__What you have to do__. In your output, repeat each entry exactly and include no pictures.

Information given below:

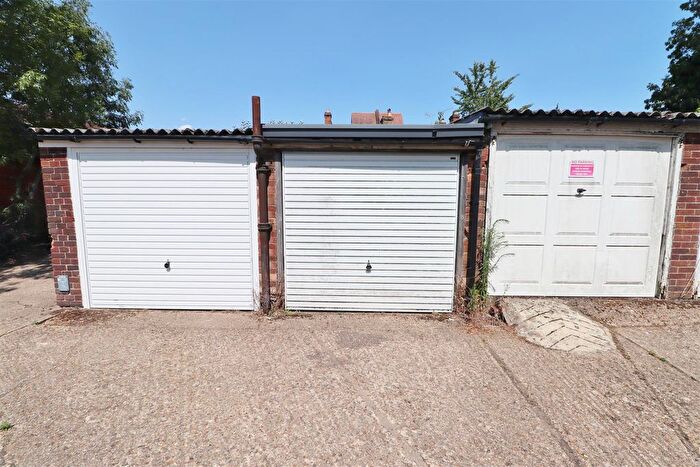 Garage / Parking To Rent In West View Garden, Esltree, WD6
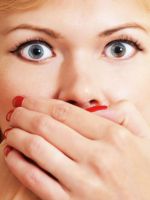 Запах изо рта – причины и лечение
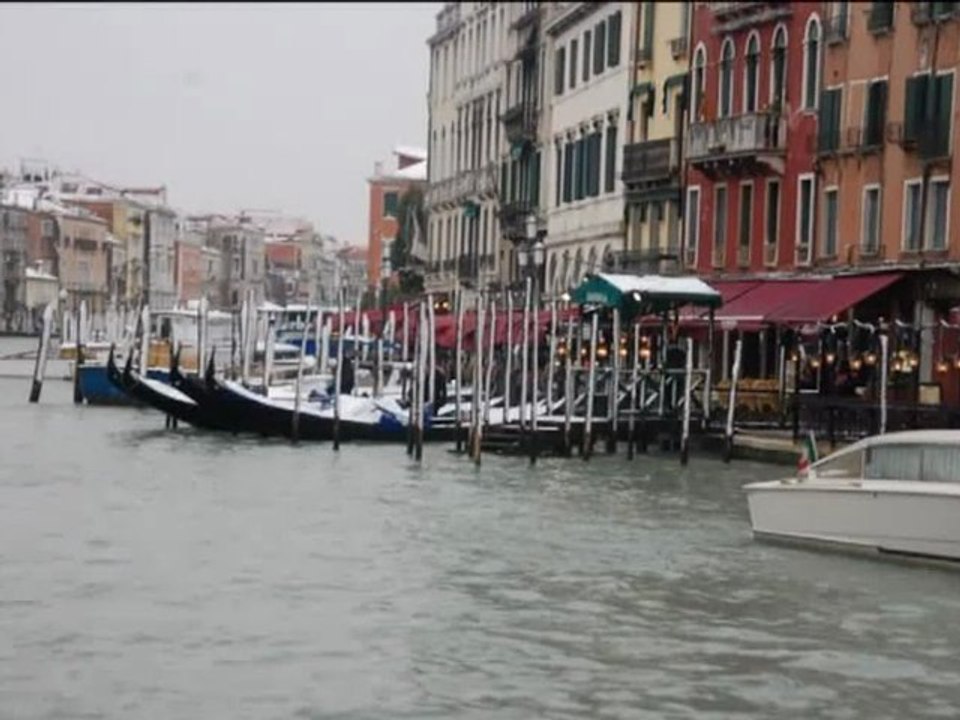 venezia con vento di bora e neve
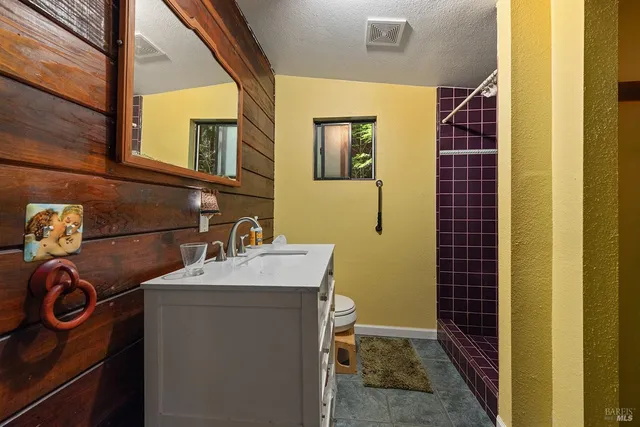 a en suite bathroom with a sink and a mirror
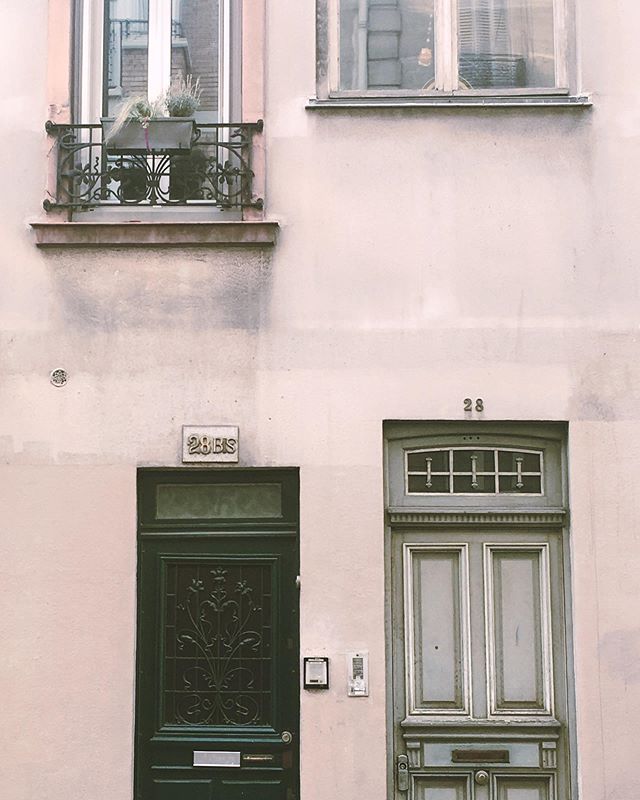 Paris l’été 🎈🌝 #paris14 #paris #été #summer #lesportesdeparis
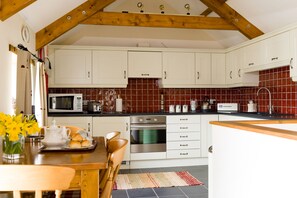 Cabane, salle de bains privée | Cuisine partagée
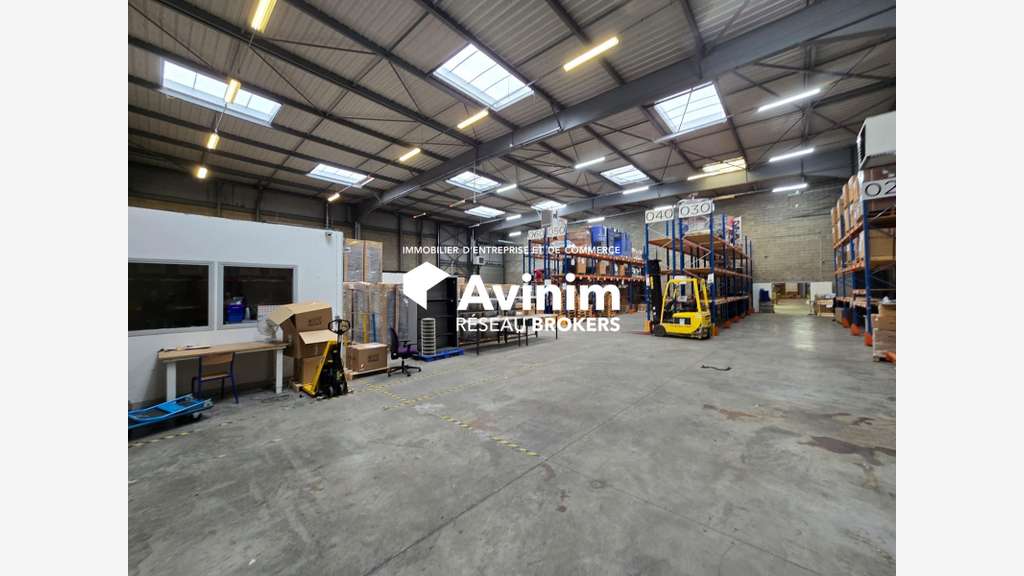 À LOUER – LOCAL D’ACTIVITÉ DE 1 309 M² – ACCÈS POI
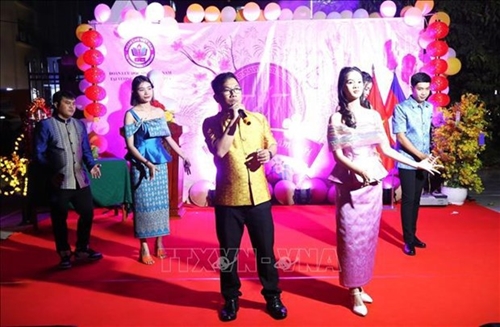 Vietnamese students in Cambodia hold Tet celebration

End of Information given.

__Result of this task__.
 Garage / Parking To Rent In West View Garden, Esltree, WD6
 Запах изо рта – причины и лечение
 venezia con vento di bora e neve
 a en suite bathroom with a sink and a mirror
 Paris l’été 🎈🌝 #paris14 #paris #été #summer #lesportesdeparis
 Cabane, salle de bains privée | Cuisine partagée
 À LOUER – LOCAL D’ACTIVITÉ DE 1 309 M² – ACCÈS POI
 Vietnamese students in Cambodia hold Tet celebration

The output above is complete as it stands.